As a platform for the three-part coalition
that was most enthusiastic about war in Iraq -- aggressive nationalists
like Cheney, Christian Zionists of the religious Right, and Israel-centred
neo-conservatives -- PNAC actually began breaking down shortly
after the Iraq invasion.
It was then that the group's predominantly
neo-conservative leadership -- Weekly Standard editor William
Kristol, PNAC director Gary Schmitt, and Carnegie Endowment for
International Peace analyst Robert Kagan -- began attacking Rumsfeld,
in particular, for failing to deploy enough troops to pacify the
country and launch a true nation-building exercise, as in post-World
War II Germany and Japan.
It was the first of a number of policy
splits that, along with the deepening quagmire in Iraq itself,
have debilitated the hawks, forcing neo-conservatives in the group
to reach out to liberal interventionists with whom they sponsored
a series of joint statements extolling the virtues of nation-building
and a larger army, or calling for a tougher U.S. stance toward
Russia and China.
PNAC was launched by Kristol and Kagan
in 1997, shortly after their publication of an article in Foreign
Affairs magazine entitled "Toward a Neo-Reaganite Foreign
Policy," in which they called for Washington to exercise
"benevolent global hegemony" to be sustained "as
far into the future as possible."
While critical of then President Bill
Clinton, the article was directed more against a Republican Congress
which, in their view, had grown increasingly isolationist, particularly
after the precipitous U.S. withdrawal from Somalia in 1994 and
strong Republican opposition to intervention in the Balkans against
Serbian President Slobodan Milosevic.
It was in this spirit that the two co-founded
PNAC, whose charter was signed by leading neo-conservatives, including
Cheney's future chief of staff, I. Lewis Libby; Rumsfeld's future
deputy, Paul Wolfowitz; Bush's future top Middle East aide, Elliott
Abrams; his future ambassador to Afghanistan and Iraq, Zalmay
Khalilzad; Rumsfeld's future top international security official,
Peter Rodman; American Enterprise Institute (AEI) fellow and neo-cons
impresario Richard Perle, and Florida Gov.

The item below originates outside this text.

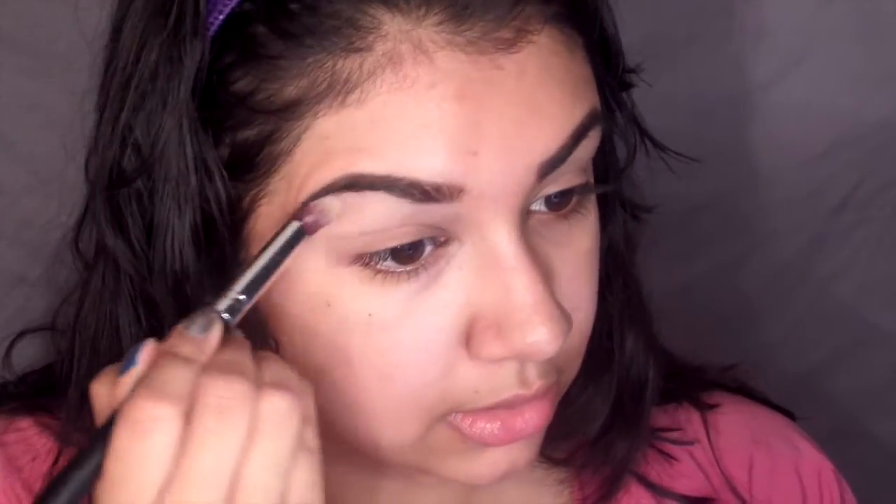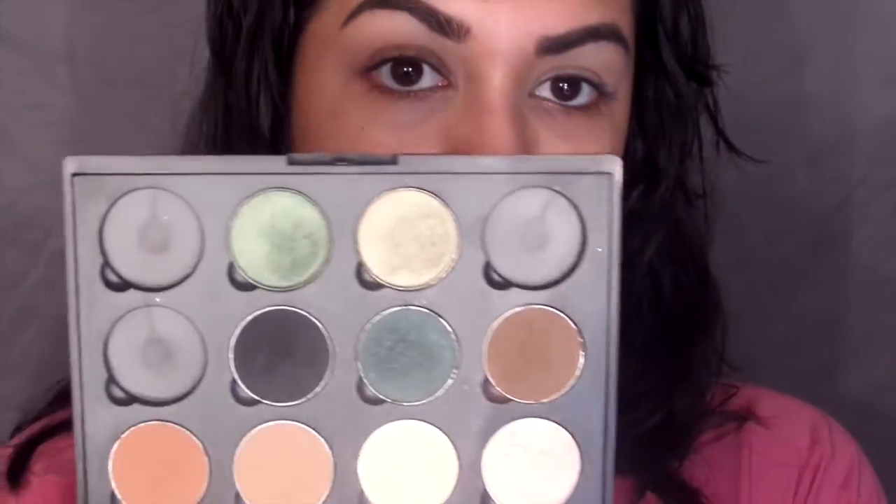First I'm using my Wet and Wild Creme Brulee shadow and I'm using that to highlight the brow bone as well as set my eyeshadow base which is the Too Faced Shadow Insurance. The shadows I'm going to be using today are Makeup Geek shadows - those are my favorite basic shadows. Taking a Morphe M330 brush, I'm going to take the color Latte and add that into the crease.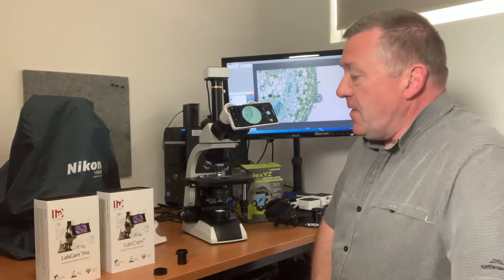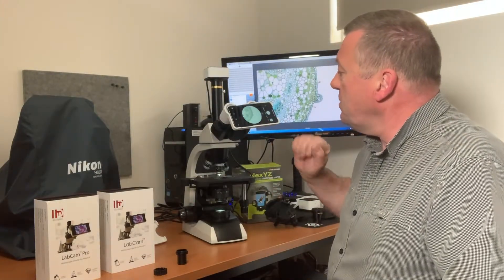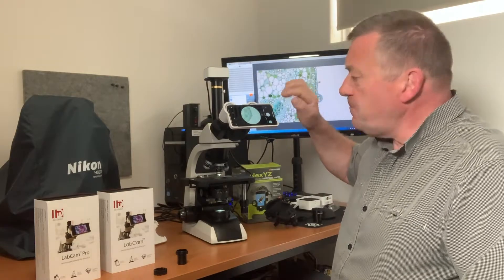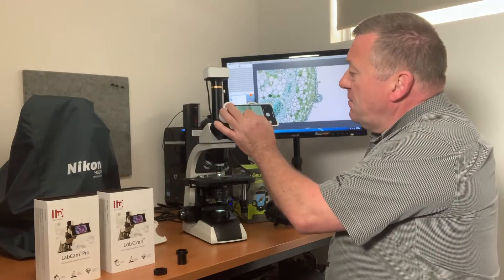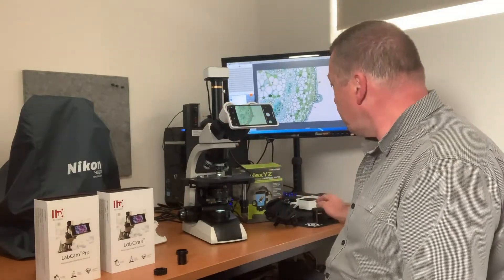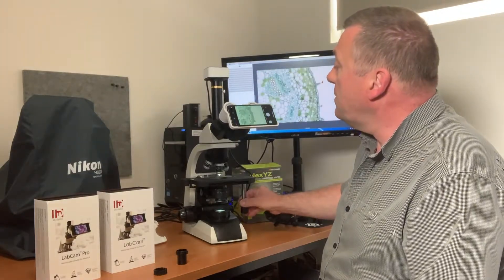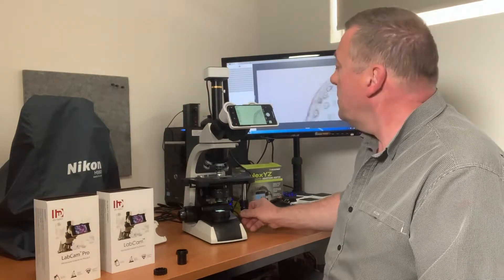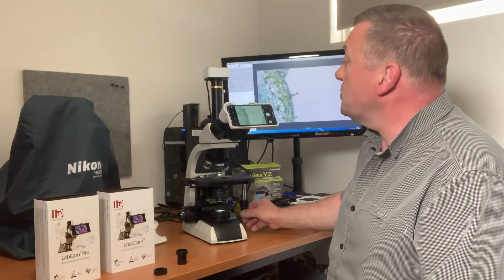The difference between the original and the Pro version is that on the original — which I've got fitted at the moment — it has a smaller field of view; you can see the whole circle of the eyepiece. You can zoom in and control the specimen by looking through it on your camera and adjusting the stage.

Jeb Bush; as well as
Cheney and Rumsfeld themselves.
The charter's few specifics, as well as
follow-up reports published by PNAC -- "Rebuilding America's
Defenses" and "Present Dangers," both published
in 2000 to influence the foreign policy debate during the presidential
campaign that year -- were based to a great extent on an infamous
"Defense Planning Guidance" (DPG) draft produced under
Cheney when he served as secretary of defence under President
George H.W. Bush in 1992.
That paper, which was developed by then-Undersecretary
of Defence Wolfowitz, Libby, Khalilzad, and the current deputy
national security adviser, J.D. Crouch, with assistance from Perle
and other like-minded defence specialists, called for the "benevolent
domination by one power" (the U.S.) to replace "collective
internationalism" and for Washington to ensure that domination,
particularly in Eurasia, in order to prevent the emergence, by
confrontation if necessary, of any possible regional or global
rival.
It was PNAC's role to sustain and propagate
these ideas through its reports, its periodic letters and statements
signed by right-wing notables, and a steady flow of opinion-pieces
and essays, that acted as part of a larger neo-conservative "echo
chamber" that included Kristol's Weekly Standard, Fox News,
the Washington Times, and the editorial pages of the Wall Street
Journal, to frame debates in official Washington and the mainstream
media.
In this sense, PNAC was more of a "letter-head
organization" that acted more as a mechanism for developing
consensus on issues among different political forces -- in its
case, Republican hawks -- and then pushing them in public, than
as a think tank.
Indeed, the fact that several of its half-a-dozen
staff members -- most recently, PNAC director Schmitt -- have
taken posts at the much-larger AEI located just five floors above
PNAC's offices helps illustrate the incestuous nature of the larger
network. Nonetheless, PNAC was the first to call publicly (in
1998) for Washington to pursue "regime change" in Iraq
by military means in conjunction with the Iraqi National Congress
of Ahmad Chalabi, who would later play a key role in the propaganda
campaign against Saddam Hussein in the run-up to the 2003 invasion.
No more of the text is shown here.